How Startup Accelerator Gust Trained a Custom Spam Filter using Nyckel
Gust helps entrepreneurs turn good ideas into great startups. It combines software tools, a funding application platform, and community to make it easy to start a startup that’s set up for success. After being in business for more than 10 years, Gust needed some bespoke AI, and that’s when they came to Nyckel.
- Spam company profiles were draining Gust’s site reputation and SEO profile.
- Naïve approach – keywords, blacklists, admin tools – was taking too long.
- Integration with Nyckel was “wonderful” and “extremely quick”.
- Gust’s spam filter is now 95% accurate, up from 70%.
- SEO reputation restored, no more customer complaints, mental energy freed up.
When entrepreneurs join Gust’s platform, they build a start-up profile which they then use to present themselves to angel investors and accelerators, and they can even opt to make the profile public so that it’s indexed by search engines as part of the start-up’s public presence. The profile is used to find funding, legal support, and for investors to evaluate propositions. Gust’s tools help users to understand their sources of value and how to synthesize them, where to improve, and their possible next steps.
Unfortunately, start-up pitches often look very similar to scams – especially if they’re operating in a newly deregulated space. For example, there’s been an explosion of legitimate cannabis businesses in the US in the past few years, and they naturally share a lot of their pitching and messaging vocabulary with long-established scammers and illegal traders. Last year, Gust hit an inflection point: the task of manually sorting the real accounts from the fraudulent back-linkers became too big. Their naïve approach – keywords, blacklists, admin tools – was just taking too long.
Because the volume of submissions is so large, whole categories of things wouldn’t get flagged by the naïve system. These would then propagate out onto the internet and generate huge backlink spam networks pointing to Gust. This was draining the Gust site ranking, backlink profile, and the brand value.
Gust had looked to third party APIs for spam filters, but those filters weren’t smart enough to walk the line of subtlety between legitimate start-ups and scams. Canned models weren’t good enough; Gust needed machine learning and they needed something custom. That’s when they contacted Nyckel.

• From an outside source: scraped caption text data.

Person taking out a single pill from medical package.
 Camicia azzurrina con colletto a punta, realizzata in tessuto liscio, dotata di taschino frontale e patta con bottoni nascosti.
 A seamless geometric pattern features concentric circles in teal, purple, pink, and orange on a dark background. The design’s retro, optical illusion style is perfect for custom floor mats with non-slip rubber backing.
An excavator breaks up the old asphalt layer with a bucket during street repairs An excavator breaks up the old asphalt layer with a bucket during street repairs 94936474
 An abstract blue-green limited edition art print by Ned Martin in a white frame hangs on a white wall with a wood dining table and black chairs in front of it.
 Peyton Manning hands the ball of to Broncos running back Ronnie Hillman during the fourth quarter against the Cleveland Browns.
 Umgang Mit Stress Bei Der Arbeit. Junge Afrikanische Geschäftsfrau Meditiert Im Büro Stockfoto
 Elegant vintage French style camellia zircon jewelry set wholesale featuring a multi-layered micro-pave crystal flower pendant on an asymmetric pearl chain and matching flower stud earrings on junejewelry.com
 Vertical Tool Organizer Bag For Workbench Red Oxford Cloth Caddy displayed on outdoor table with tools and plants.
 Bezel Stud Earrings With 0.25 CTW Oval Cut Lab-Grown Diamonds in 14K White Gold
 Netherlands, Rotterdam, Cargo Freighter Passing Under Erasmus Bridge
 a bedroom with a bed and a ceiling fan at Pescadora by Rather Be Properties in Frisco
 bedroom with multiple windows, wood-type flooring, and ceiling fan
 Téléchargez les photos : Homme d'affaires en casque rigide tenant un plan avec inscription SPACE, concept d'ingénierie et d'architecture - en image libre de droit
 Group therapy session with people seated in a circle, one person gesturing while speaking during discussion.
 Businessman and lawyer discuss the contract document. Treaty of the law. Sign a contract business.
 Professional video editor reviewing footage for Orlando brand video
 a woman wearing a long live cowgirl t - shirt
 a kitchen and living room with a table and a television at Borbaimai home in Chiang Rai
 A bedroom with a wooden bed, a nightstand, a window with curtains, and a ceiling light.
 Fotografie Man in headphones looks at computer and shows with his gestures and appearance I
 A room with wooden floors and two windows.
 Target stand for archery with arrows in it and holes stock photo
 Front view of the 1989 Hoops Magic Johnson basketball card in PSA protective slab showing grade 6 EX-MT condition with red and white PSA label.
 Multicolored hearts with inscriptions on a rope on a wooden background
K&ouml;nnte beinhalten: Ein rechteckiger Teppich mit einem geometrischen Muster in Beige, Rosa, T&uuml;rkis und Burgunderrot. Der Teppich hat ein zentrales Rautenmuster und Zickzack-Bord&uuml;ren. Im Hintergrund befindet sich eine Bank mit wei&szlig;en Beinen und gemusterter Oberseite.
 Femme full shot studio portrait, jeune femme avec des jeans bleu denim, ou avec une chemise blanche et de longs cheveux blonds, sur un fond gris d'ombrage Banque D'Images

Gust had tried to use AWS, but found its command-line interface unwieldy – and it had the significant drawback that it couldn’t be updated on the fly. This headache was relieved by Nyckel’s Text Classification API: all Gust needed to do was write some code to export some training data for Nyckel. Most of this data was used to train an AI model, but a portion of it was kept separate in order to test the model once it was generated.
The data training took 5 minutes. A couple more hours was required to investigate the points of difference between the model’s classification and Gust’s manual classification. They launched the model with a plan to correct in the places where the model had disagreed with Gust, and then iterated the process; they exported the data again, spent 5 minutes training the model, and a couple more hours to check. Then the updated model could be swapped into Gust’s platform, along with some tweaks to environment variables. All in all, the process took a matter of weeks.
It now takes Gust 20–30 minutes per week to review the model’s rejections. It’s correctly classifying 95% of them. And it’s catching stuff as it comes in, rather than Gust waiting for fake accounts to show up in the Google analytic footprint. This means that the associated platform clean-up has been eliminated, complaints about false negatives have been eliminated, the brand harm caused by fake accounts has been eliminated, and the network of SEO and backlink sites that would grow up around fake accounts has been eliminated.
Gust is already looking ahead at other ways that AI could speed up their operations, from photo ID recognition to sorting legal documents into appropriate diligence classes, removing the intense thinking time that drains energy and can be a bottleneck in getting a start-up off the ground.